Encyclopedia Titanica

Walter John Perkis

Walter John Perkis
Walter John Perkis

Mr Walter John Perkis was born in Ryde on the Isle of Wight, Hampshire, England on 11 August 1874. He was baptised on 17 January the following year at All Saints Church, Ryde and was named for his paternal grandfather. 

He was the son of James Perkis (1838-1899), a carpenter, and Emily Ricketts (1841-1908), both natives of Ryde who were married in 1863.
He had eleven known siblings: Emily Julia (b. 1864), George Henry (1866-1940), Charles James (1866-1927), Florence Elizabeth Ricketts (1868-1954, later Mrs George Henry Gray), Robert Edward (b. 1871), Alfred Thomas (1873-1924), Herbert Ricketts (b. 1876), Eliza Kathleen (b. 1878), Jenny Gertrude (b. 1879), Amy Louisa Nancy (1881-1931, later Mrs Ralph Purdey Plummer) and William Horace Michael (1883-1960).

Walter first appears on the 1881 census when he and his family were living at 32 Swanmore Road in Ryde. By the time of the 1891 census Perkis' family were still living in Ryde but he, then aged 16 was working as a domestic waiter and residing at St Bartholomew's Hospital in London. 

He joined the Royal Navy on 3 September 1891, his first ship being the St Vincent. He stood at 5' 3½" and had dark brown hair, hazel eyes and a florid complexion. Other ships he would sail aboard included: Australia, Hawke, Cruiser, Victory, Prince George, Duke of Wellington, London and Victory I with his final ship being Excellent before he was discharged on 18 July 1905. Rising to become an able seaman by the turn of the century, his conduct over his period of service varied and he spent at least four spells in the cells for misdemeanours. He was shown on the 1901 census whilst aboard Prince George which was then docked at Gibraltar. 

He was married in Southampton in 1909 to Phoebe Lavinia Collins (b. 1881), a native of Bitterne, Southampton; the couple had only one child, a son named Robert Edward (b. 1910). By the time of the 1911 census Walter and his wife were living at "Olympic" on Victoria Road, Bitterne and he was described as a seaman for the White Star Line. Also living with them was Phoebe's mother Martha Sybilla Collins (b. 1858). 

When he signed-on to the Titanic on 9 April 1912 Perkis gave his address as Victoria Road, Bitterne, Southampton. He had been transferred from the Olympic and as a quartermaster he received monthly wages of £5. Also serving aboard was his brother-in-law Alfred Olliver who was married to his wife's sister Amelia Gertrude, née Collins.

Aboard Perkis served on the 6-8pm watch; at the time of the collision he was off duty when the ships joiner came to his quarters and advised the men to "turn out." Having felt no impact Perkis stayed put and waited until 12 o'clock  when it was time to relieve the previous watch. 
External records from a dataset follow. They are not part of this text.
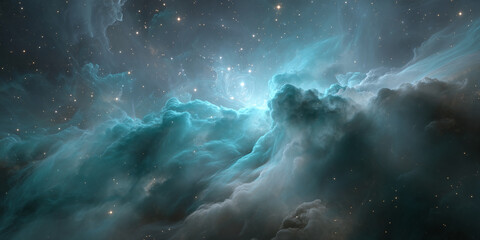 Aufkleber - Teal and grey nebula cloudscape image, cosmic dust and stars, evokes mystery and vastness of space, ideal for science fiction or fantasy projects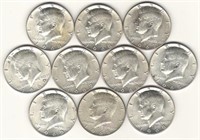 (10) Kennedy Half Dollars - 40% Silver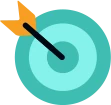 mission icon dart board with arrow in the middle
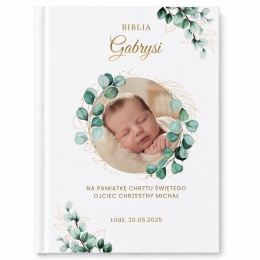 Prezent na chrzest - piękna pamiątka biblia personalizowana dla dzieci ze zdjęciem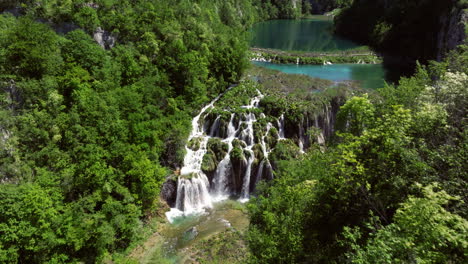 aerial view of lower lakes canyon at plitvice lakes national park in croatia.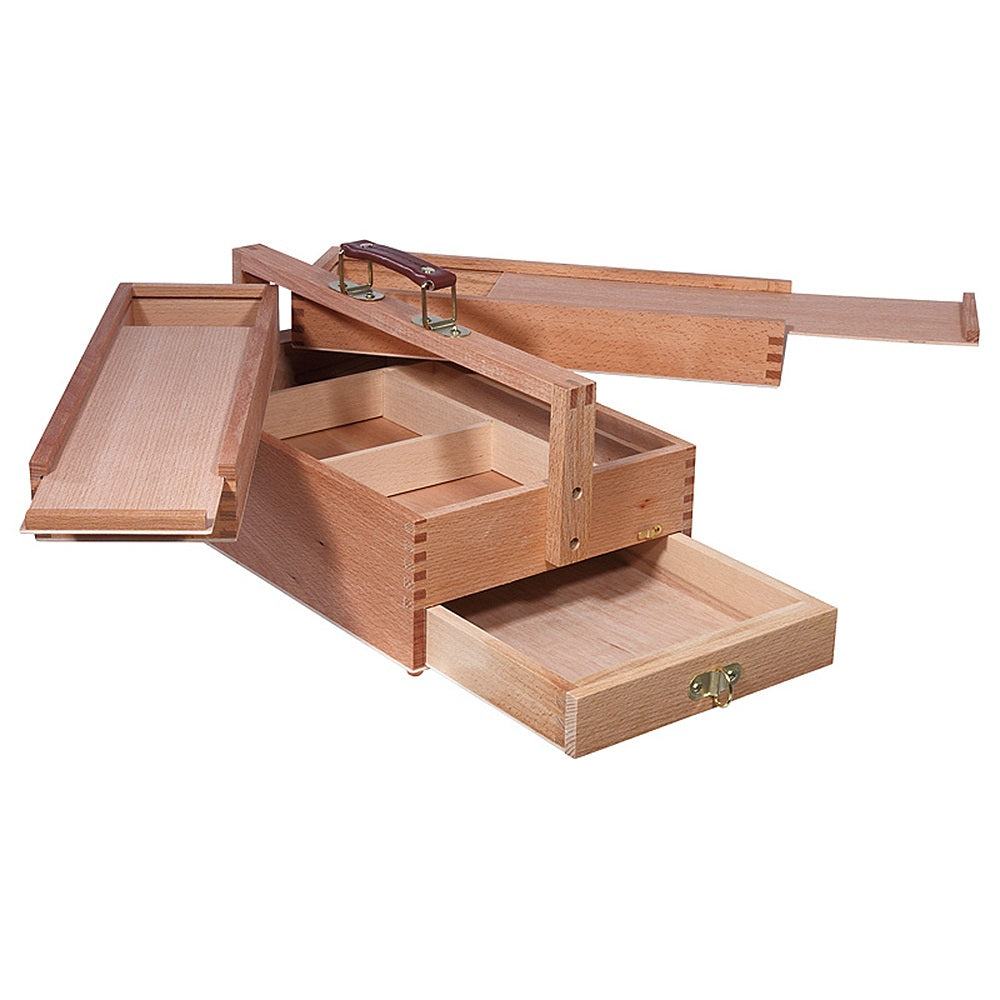 Artina Holz-Malkoffer Vannes aus Buchenholz mit Flügelfächern, Schublade und Ledergriff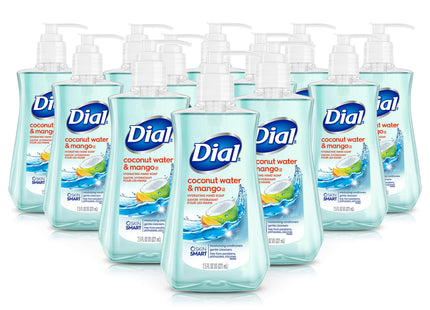 Dial Antimicrobial Liquid Hand Soap, Coconut Water & Mango, Pump Bottle, 7.5 fl Ounce (Pack Of 24)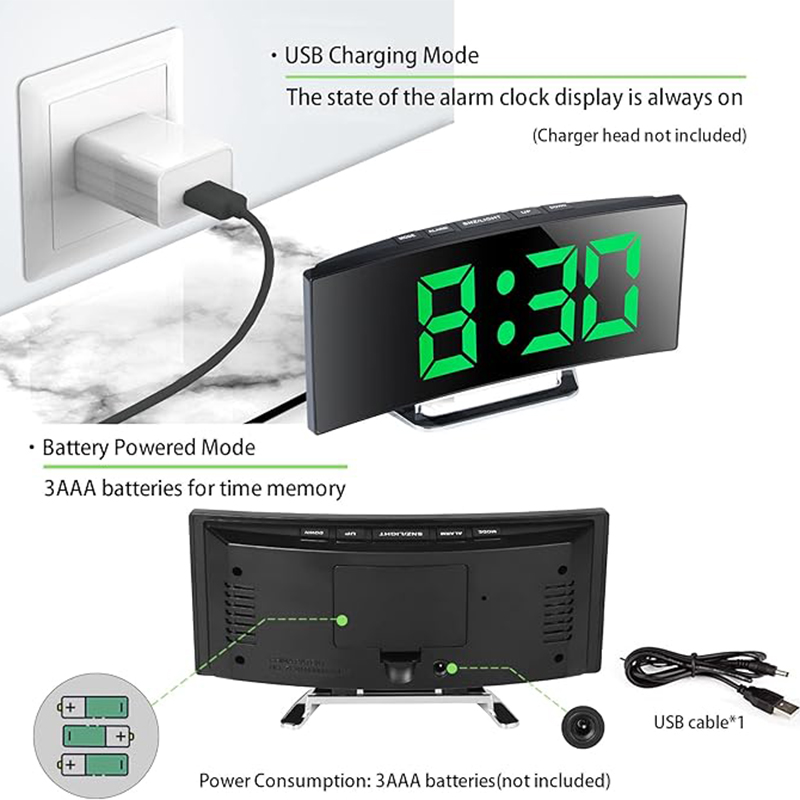 LED Digital Alarm Clock Curved - Smart Home Retrofit reseña y precio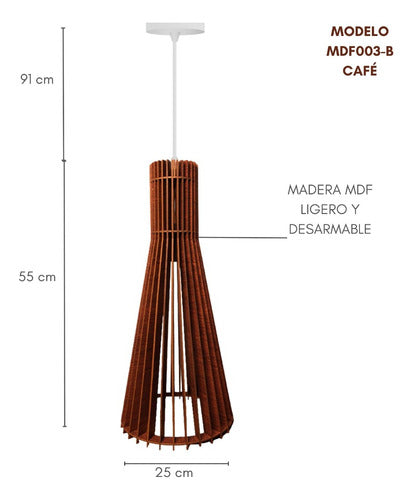 Lámpara de Techo Colgante Madera Mdf Minimalista Hogar Restaurant 003b + Ampolleta Vintage St64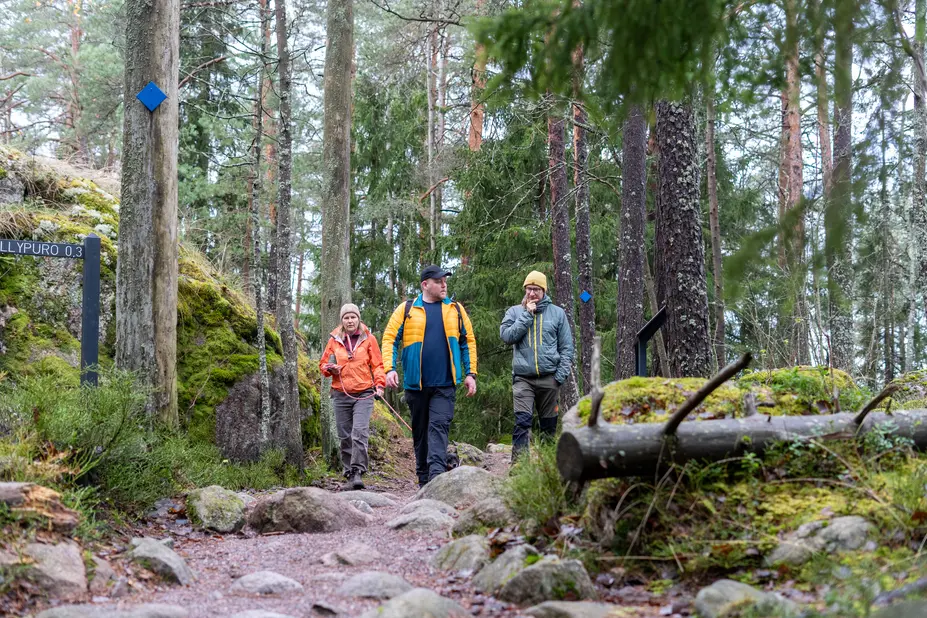 Retkeilijöitä kulkemassa metsäpolulla.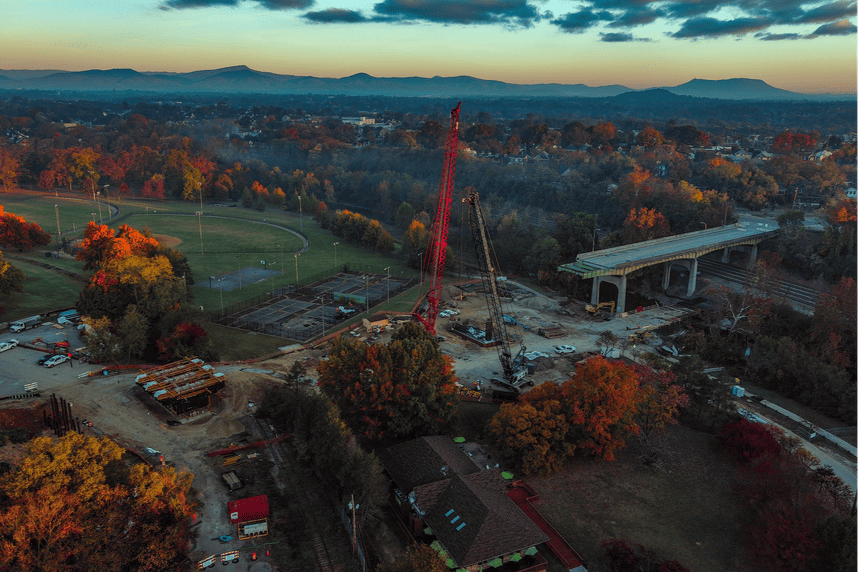 Image shows cranes and Wasena Bridge demolition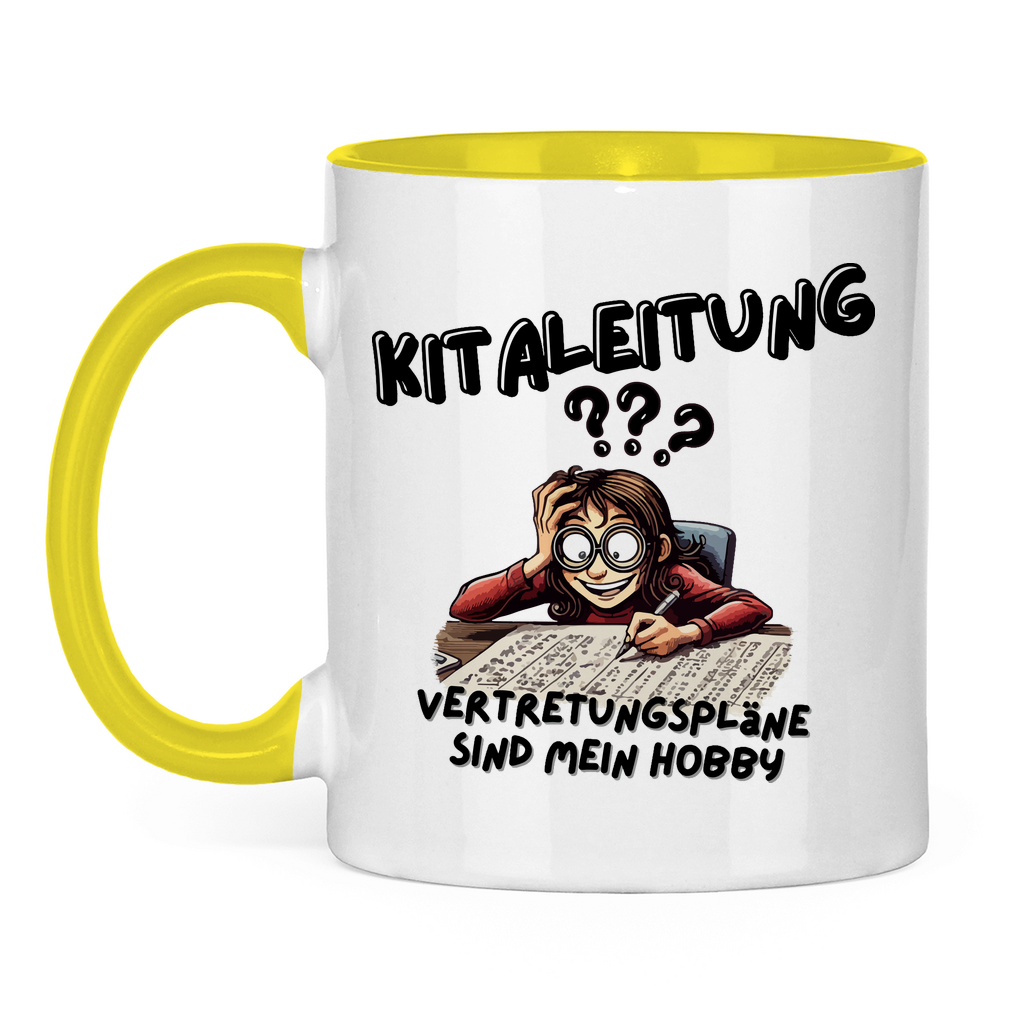 Tasse zweifarbig Kitaleitung - Vertretungspläne sind mein Hobby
Arriving on deck Perkis went to his assigned lifeboat, boat 4, and helped lower her before heading aft. Shortly after a voice from boat 4 called out to him that another hand was needed to help man the boat so he grabbed one of the falls and slid down into the boat where he assumed command. 

Perkis estimated that, including three crew, there were 42 people aboard his lifeboat; after rowing aft a further eight crewmen who had swam out to the boat were hauled from the water, two of whom died, one fireman and a steward. 

When Titanic sank Perkis approximated that lifeboat 4 was about six lengths of Titanic away and could not discern any suction. 

Following the sinking Perkis was required to give evidence to the American Inquiry into the sinking. 

Perkis returned to Britain and in June 1912 returned to working aboard Olympic. He worked as an able seaman for a number of years aboard Berengaria and records show him still board her as late as October 1935.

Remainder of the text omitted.